EXERCISE MATERIAL –
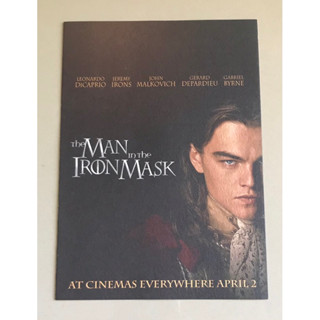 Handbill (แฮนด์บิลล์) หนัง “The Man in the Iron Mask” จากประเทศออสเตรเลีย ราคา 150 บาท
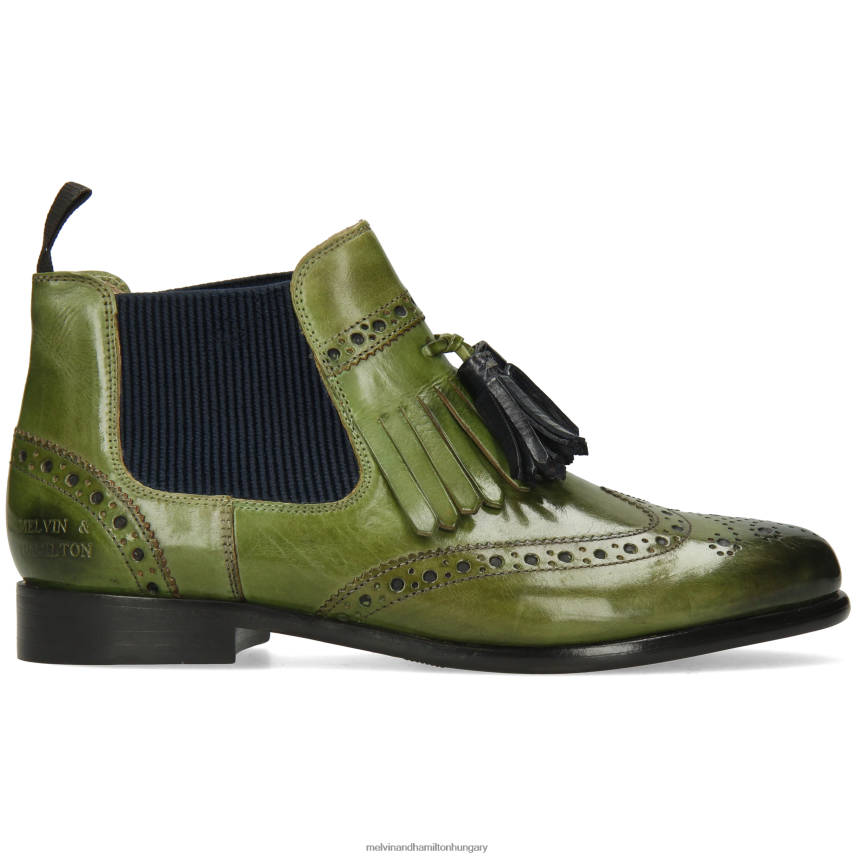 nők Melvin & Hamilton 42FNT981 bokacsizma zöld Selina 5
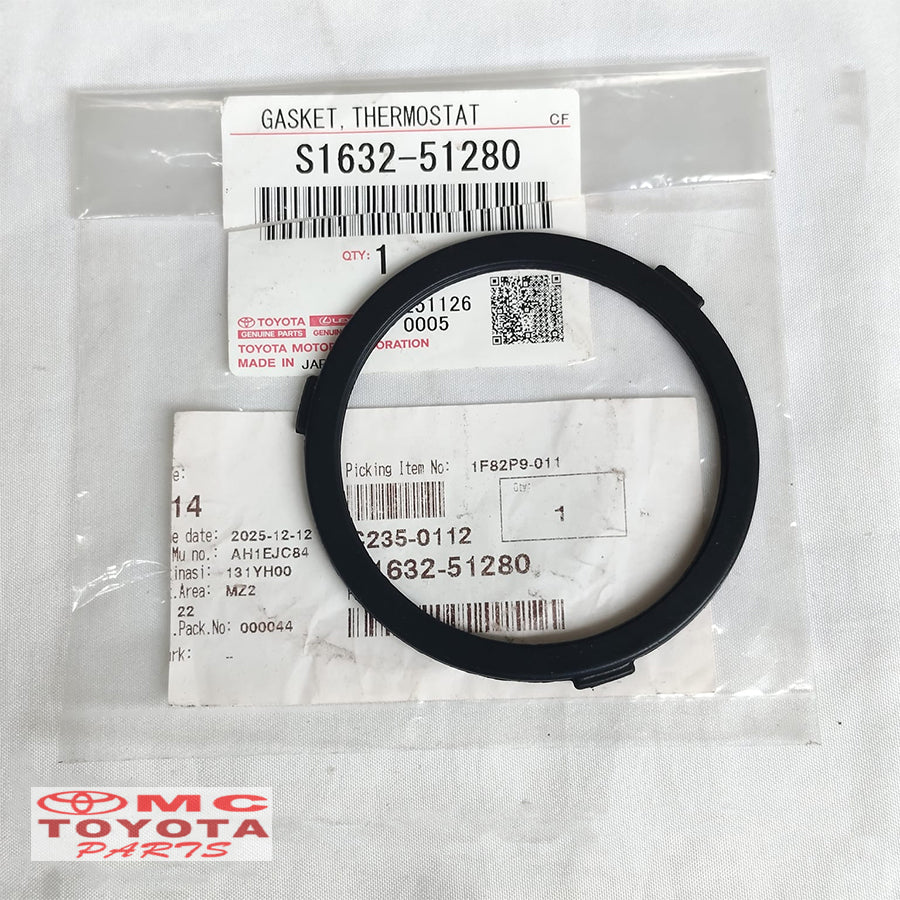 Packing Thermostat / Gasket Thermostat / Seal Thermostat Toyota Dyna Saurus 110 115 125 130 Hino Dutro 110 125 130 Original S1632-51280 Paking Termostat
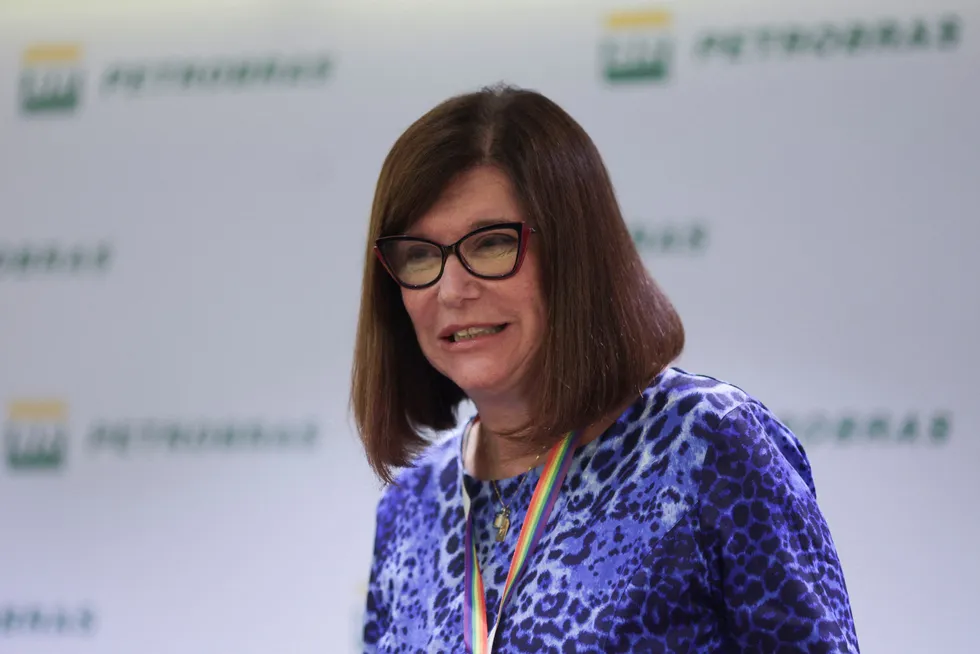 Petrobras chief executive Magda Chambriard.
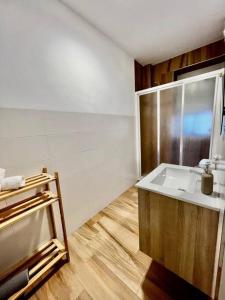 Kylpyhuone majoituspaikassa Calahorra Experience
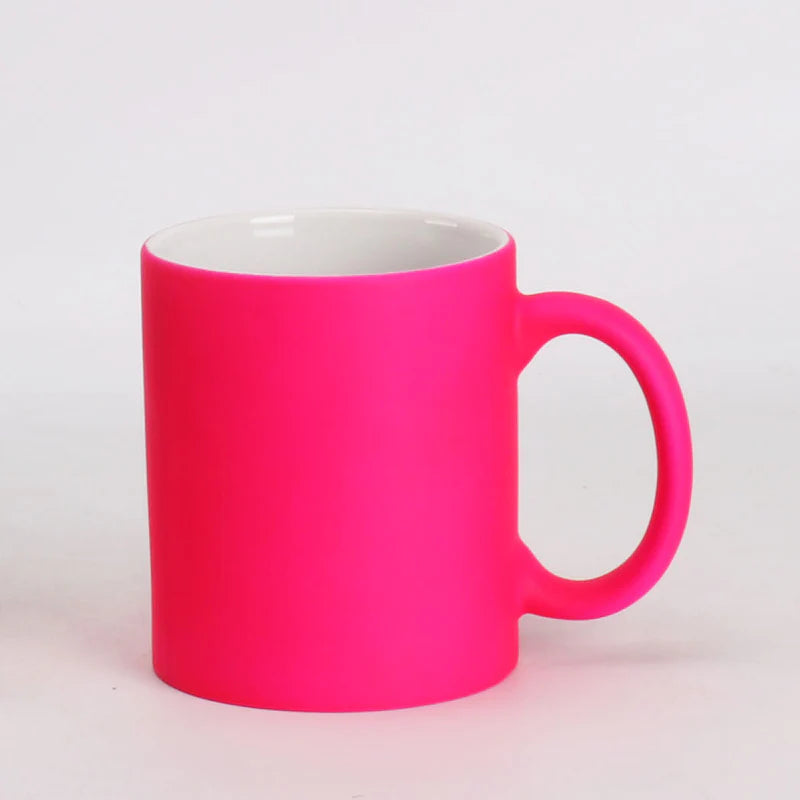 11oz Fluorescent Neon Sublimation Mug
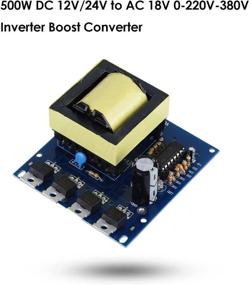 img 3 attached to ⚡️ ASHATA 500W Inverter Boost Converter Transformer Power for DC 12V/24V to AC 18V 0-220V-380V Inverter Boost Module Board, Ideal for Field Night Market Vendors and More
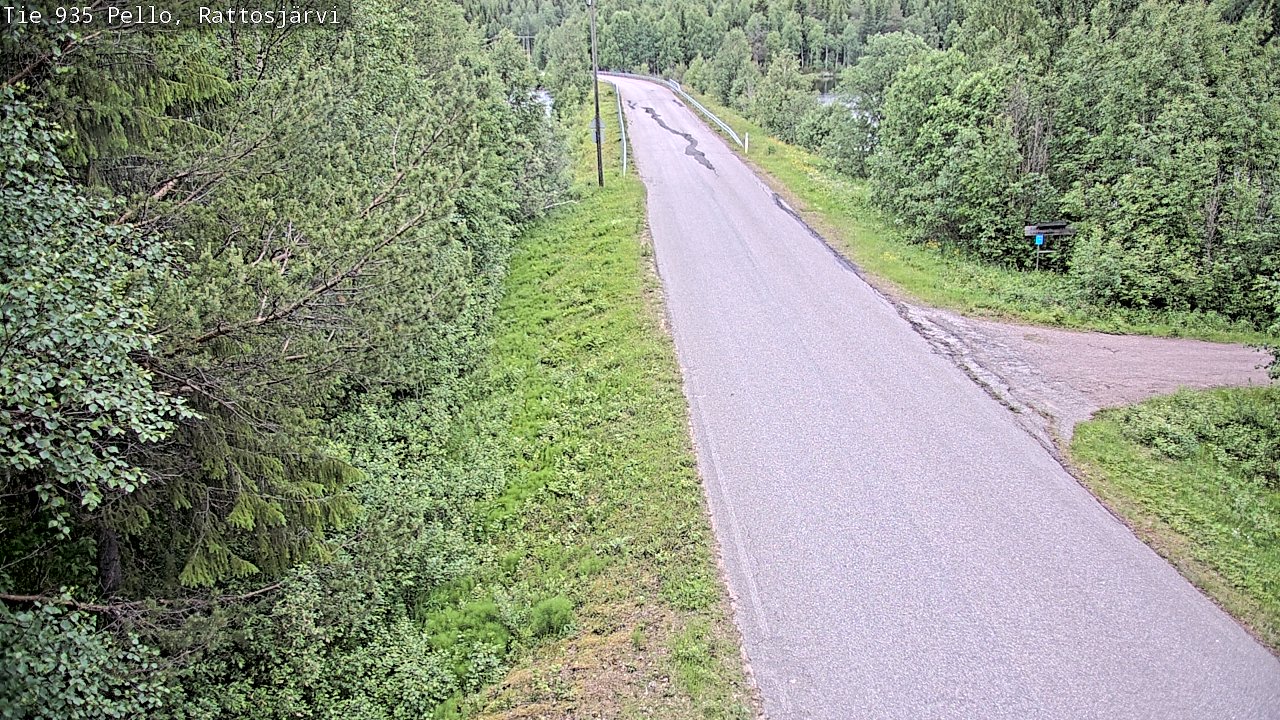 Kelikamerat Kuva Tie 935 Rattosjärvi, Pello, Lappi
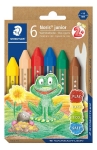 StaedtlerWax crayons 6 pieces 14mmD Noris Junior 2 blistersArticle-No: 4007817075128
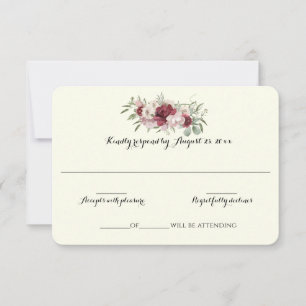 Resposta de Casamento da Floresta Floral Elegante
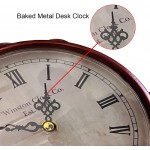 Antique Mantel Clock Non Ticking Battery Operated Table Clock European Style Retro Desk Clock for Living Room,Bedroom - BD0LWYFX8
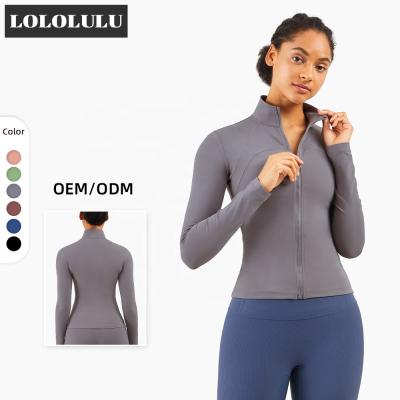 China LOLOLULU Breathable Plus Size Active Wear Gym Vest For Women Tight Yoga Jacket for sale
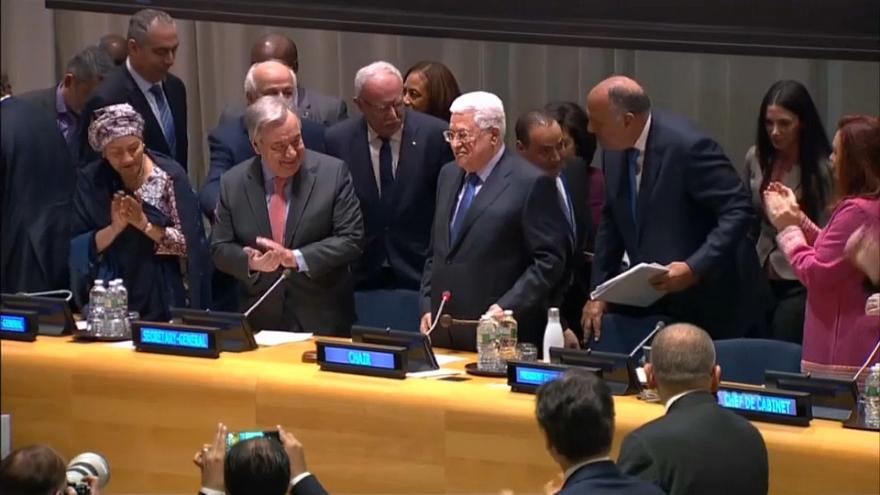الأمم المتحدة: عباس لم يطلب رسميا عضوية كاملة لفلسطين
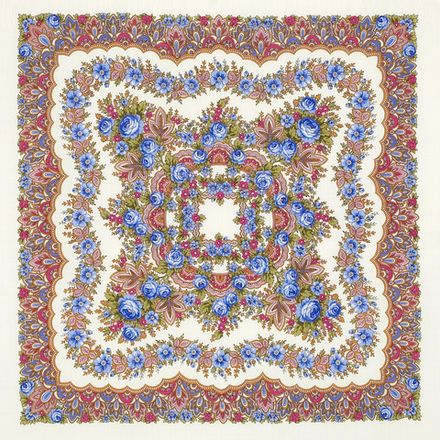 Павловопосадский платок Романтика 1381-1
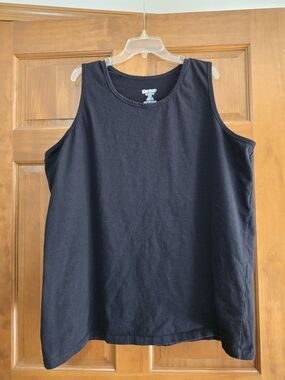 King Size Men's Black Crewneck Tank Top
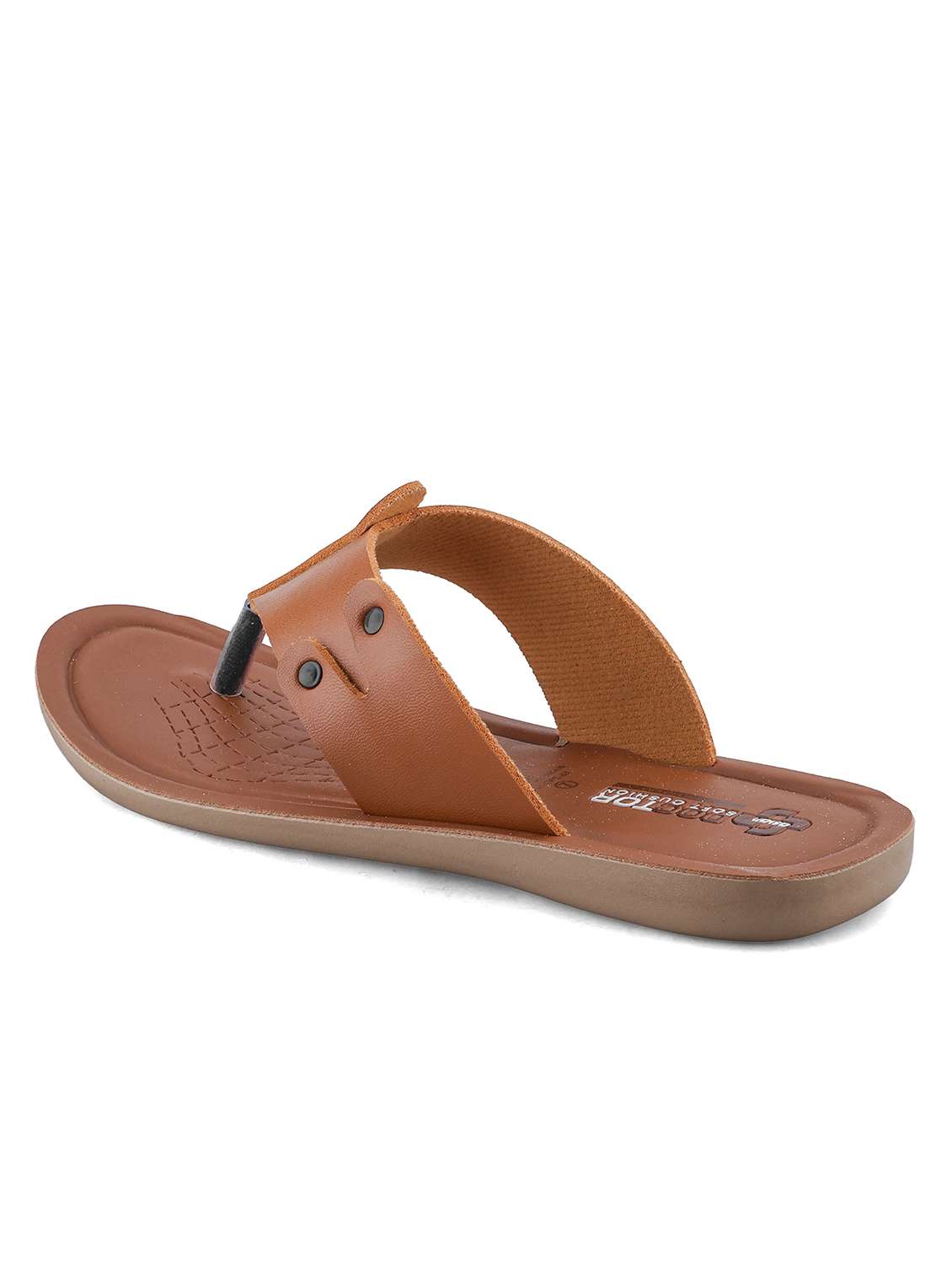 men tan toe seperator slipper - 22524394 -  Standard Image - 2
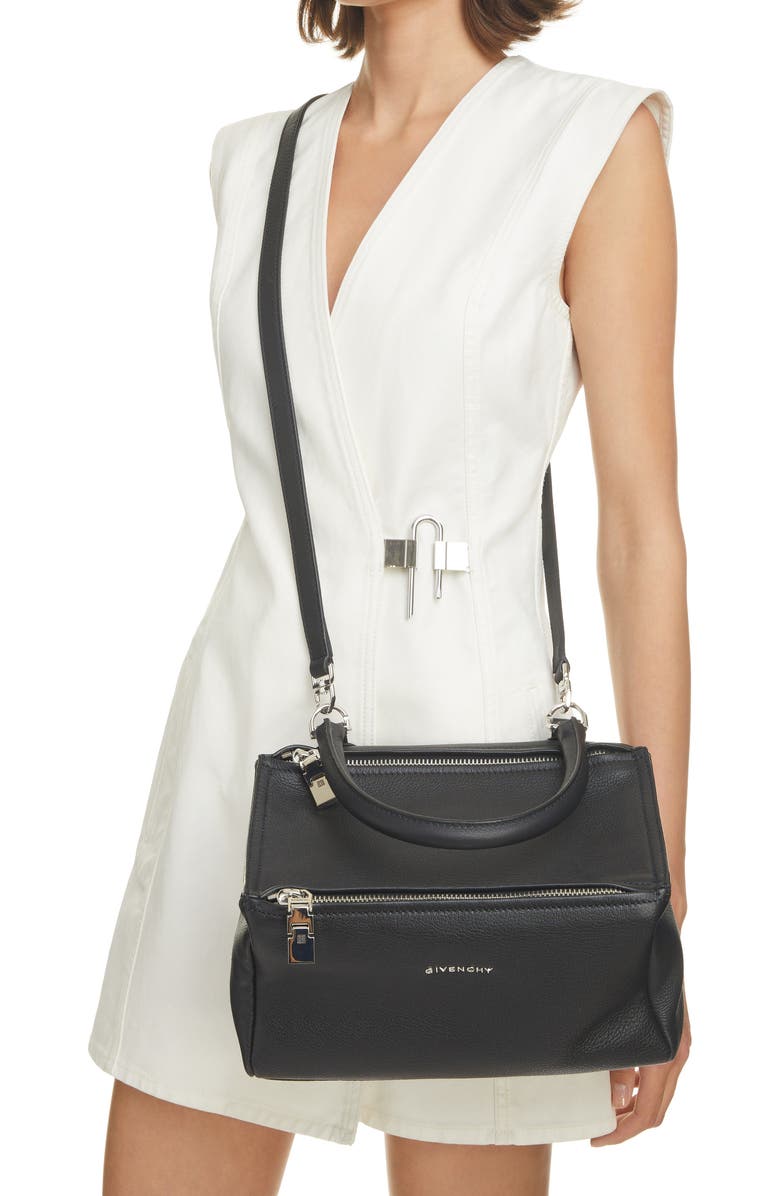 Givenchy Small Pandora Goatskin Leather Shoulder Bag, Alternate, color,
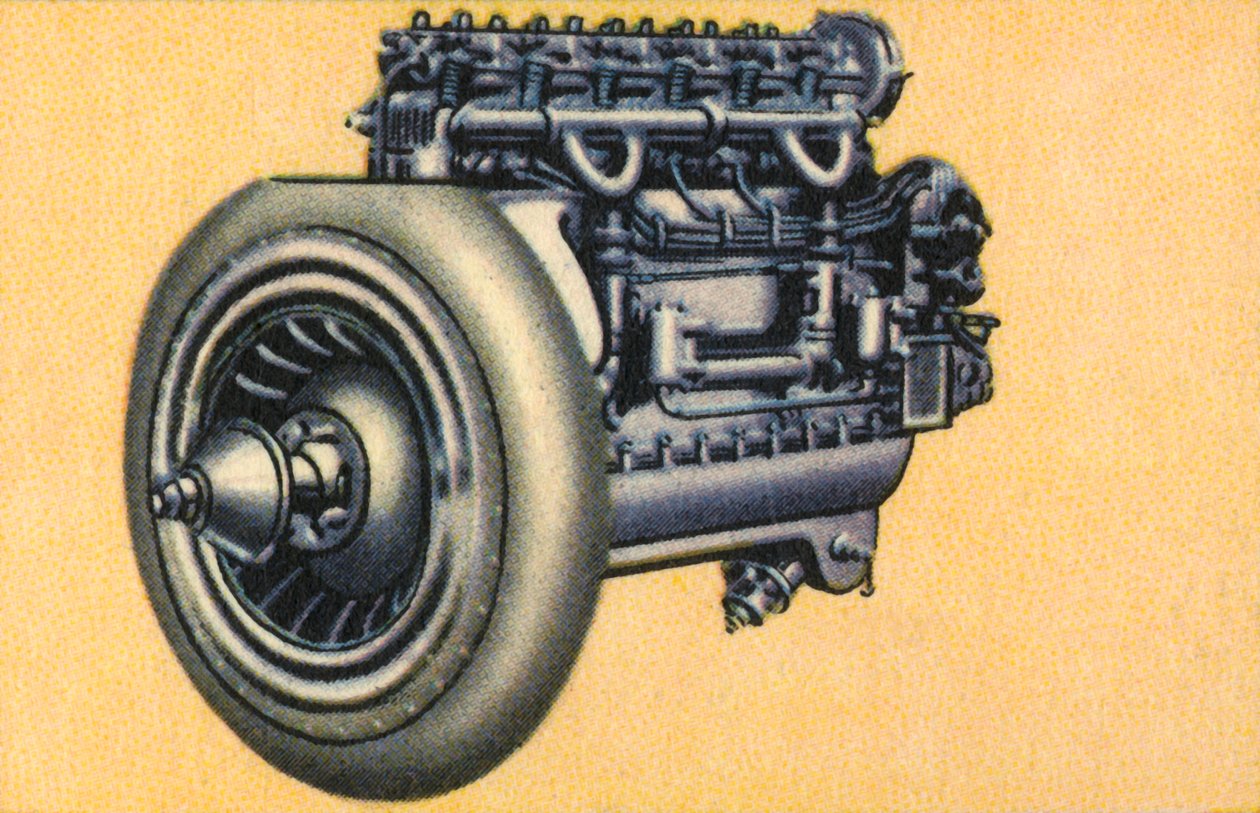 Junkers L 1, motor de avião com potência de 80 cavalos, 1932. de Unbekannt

WHAT YOU ARE ASKED TO DO – Quote the entries in full. Any image among them is to be omitted from the copy.

SOLVED PROBLEM –
 Handbill (แฮนด์บิลล์) หนัง “The Man in the Iron Mask” จากประเทศออสเตรเลีย ราคา 150 บาท
 nők Melvin & Hamilton 42FNT981 bokacsizma zöld Selina 5
 Packing Thermostat / Gasket Thermostat / Seal Thermostat Toyota Dyna Saurus 110 115 125 130 Hino Dutro 110 125 130 Original S1632-51280 Paking Termostat
 Petrobras chief executive Magda Chambriard.
 Kylpyhuone majoituspaikassa Calahorra Experience
 11oz Fluorescent Neon Sublimation Mug
 img 3 attached to ⚡️ ASHATA 500W Inverter Boost Converter Transformer Power for DC 12V/24V to AC 18V 0-220V-380V Inverter Boost Module Board, Ideal for Field Night Market Vendors and More
 Kelikamerat Kuva Tie 935 Rattosjärvi, Pello, Lappi
 StaedtlerWax crayons 6 pieces 14mmD Noris Junior 2 blistersArticle-No: 4007817075128
 Resposta de Casamento da Floresta Floral Elegante
 Antique Mantel Clock Non Ticking Battery Operated Table Clock European Style Retro Desk Clock for Living Room,Bedroom - BD0LWYFX8
 China LOLOLULU Breathable Plus Size Active Wear Gym Vest For Women Tight Yoga Jacket for sale
الأمم المتحدة: عباس لم يطلب رسميا عضوية كاملة لفلسطين
 Павловопосадский платок Романтика 1381-1
 King Size Men's Black Crewneck Tank Top
 men tan toe seperator slipper - 22524394 -  Standard Image - 2
 Givenchy Small Pandora Goatskin Leather Shoulder Bag, Alternate, color,
 Junkers L 1, motor de avião com potência de 80 cavalos, 1932. de Unbekannt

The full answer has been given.